▶ **What is needed**:
Please repeat the entire listing verbatim and keep the pictures out.

▶ **Data provided**:
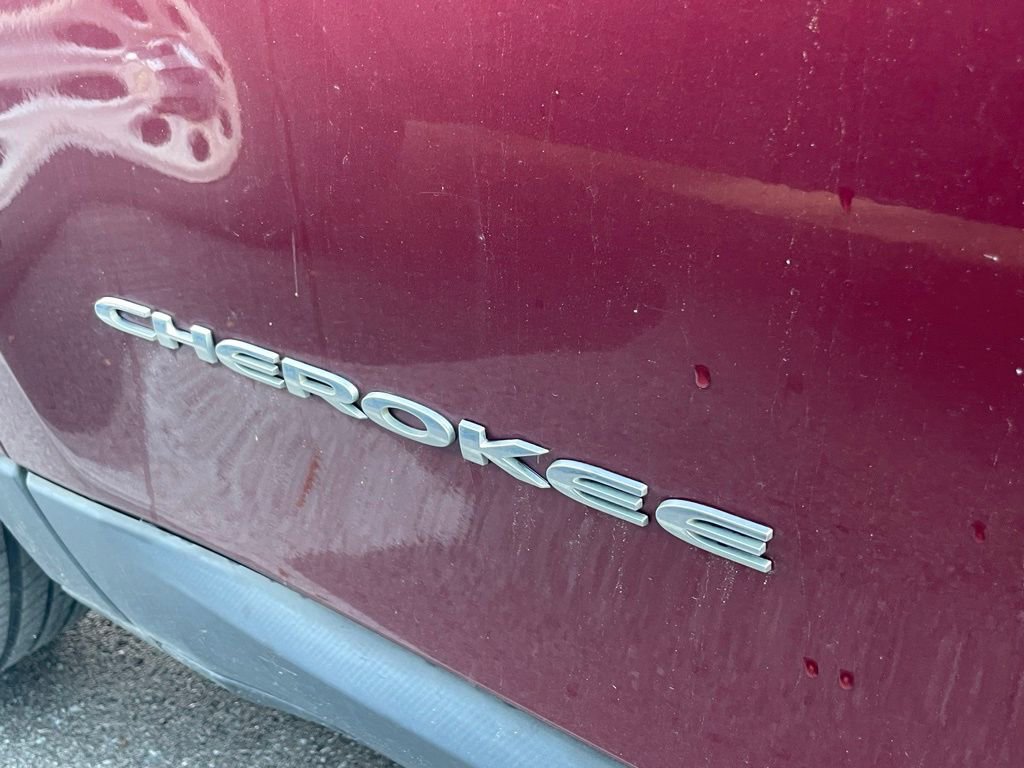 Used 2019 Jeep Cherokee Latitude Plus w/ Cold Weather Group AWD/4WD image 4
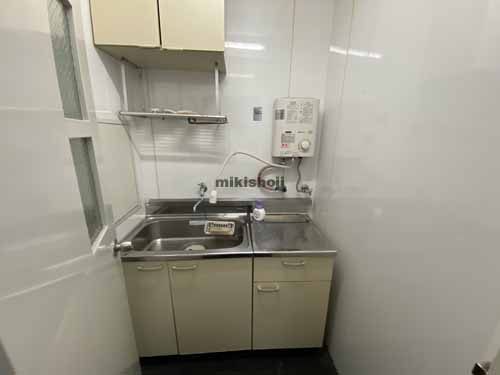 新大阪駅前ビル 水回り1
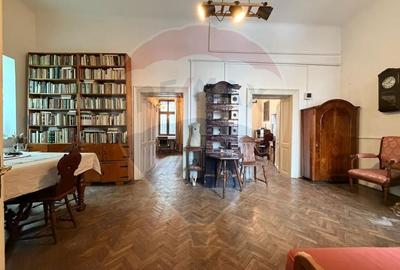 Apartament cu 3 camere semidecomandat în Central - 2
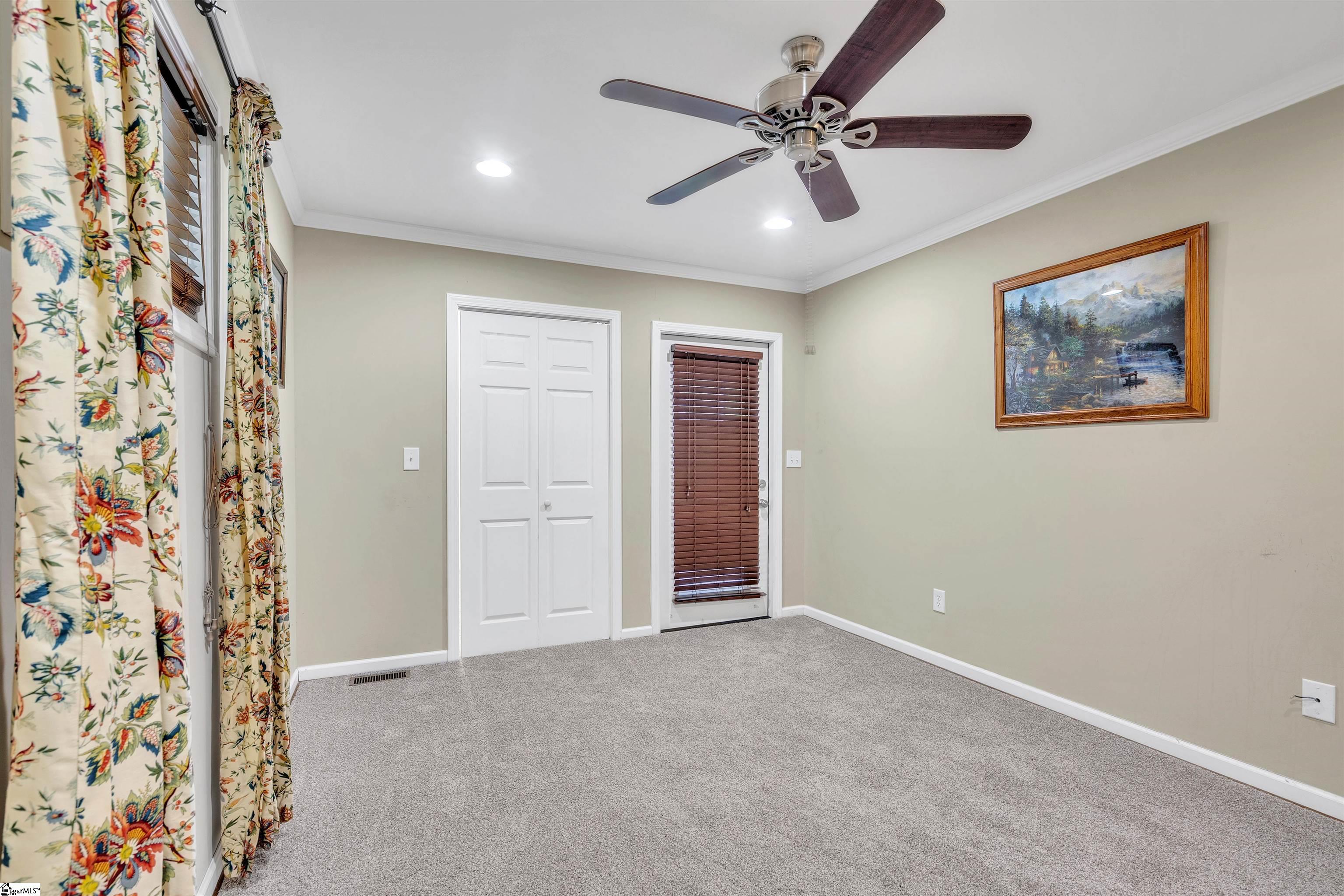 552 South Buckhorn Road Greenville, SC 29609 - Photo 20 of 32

▶ **Exercise response**:
 Used 2019 Jeep Cherokee Latitude Plus w/ Cold Weather Group AWD/4WD image 4
 新大阪駅前ビル 水回り1
 Apartament cu 3 camere semidecomandat în Central - 2
 552 South Buckhorn Road Greenville, SC 29609 - Photo 20 of 32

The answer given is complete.